Alexa, whodunnit? Arkansas police ask Amazon for Echo access to help solve case

As the devices around us continue to get smarter, there is an increasingly slippery slope regarding an outsider’s access to its owner’s private information. With no specific precedent established, each instance of a request for information expectedly stirs the proverbial pot. In December, the police department in Bentonville, Arkansas decided to dip into this ongoing debate by requesting access to an Amazon Echo device it believes harbors information pertaining to a 2015 murder. Though the police have already obtained some data from the device, it appears as though it’s searching for even more access to an otherwise privately contained batch of information.

Just over a year ago, a man by the name of James Andrew Bates drew a charge of first-degree murder after police found the deceased body of Victor Collins in Bates’ hot tub.
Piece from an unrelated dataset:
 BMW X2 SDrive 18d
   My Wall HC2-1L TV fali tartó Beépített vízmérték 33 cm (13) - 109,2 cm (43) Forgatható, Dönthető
While investigating the who, what, why, when, and how of the incident, the Bentonville Police Department noticed a slew of connected devices installed throughout Bates’ home — including a Honeywell alarm system and, the device in question, an Amazon Echo.

Requested by the police was access to any audio recordings, text records, purchase history, or transcribed documents pertaining to Bates and any of his relative Amazon information. Amazon has not fulfilled the police department’s solicitation for the Echo’s audio recordings, though it has already supplied Bates’ prior purchases and account information. The police department says it already pulled data from the Echo, though it’s not entirely known how much usable audio or text was not only extracted but capable of being utilized in court.

Police in Bentonville, Arkansas submitted a search warrant asking Amazon for unprecedented access to a murder suspect’s Echo device.

So what could the police department have feasibly pulled from the Echo device? It’s known that Amazon’s voice-activated devices remain consistently awake while waiting for a specific wake word but whether or not it’s always actively listening or recording creates a bit of a gray area. According to an in-depth Wired article about Google Home and Amazon Echo’s ability to record voice, it’s pointed out that although the devices each search for a wake word, anything said before its designated prompt isn’t stored or transmitted. If this is true, then it’s unlikely the Bentonville police department holds much in the way of usable data — unless Bates uttered the wake word around the time of Collins’ death.

Although it’s unknown the kind of damning information this Echo may possess, the police did acknowledge that Bates’ water meter displayed a dramatic spike in usage during the night in question. Granted, a hot tub remains a central part of Collins’ mysterious death but the water meter shows that roughly 140 gallons of water were used over a brief two-hour time period from 1 a.m. to 3 a.m. To the investigators, this assessment of the water meter — and to a larger extent, the request for the Echo data — is them merely doing their job. As far as Bates’ defense attorney is concerned, it’s a violation of privacy.

“You have an expectation of privacy in your home, and I have a big problem that law enforcement can use the technology that advances our quality of life against us,” said Kimberly Weber, Bates’ defense attorney, according to a report by The Information.

More: Amazon raises the stakes, will equip all rooms at The Wynn in Vegas with an Echo

With the trial of James Andrew Bates scheduled for 2017, it’s expected the two sides — and eventually Amazon itself — will continue to debate the merit and virtue associated with openly sharing the data of a connected device such as Amazon’s Echo. However, it won’t be until this trial concludes for there to exist any semblance of a theory as to whether or not the actual data proves critical in the pursuit of justice — or if it serves as nothing more than an establishment of an unpredictable precedent.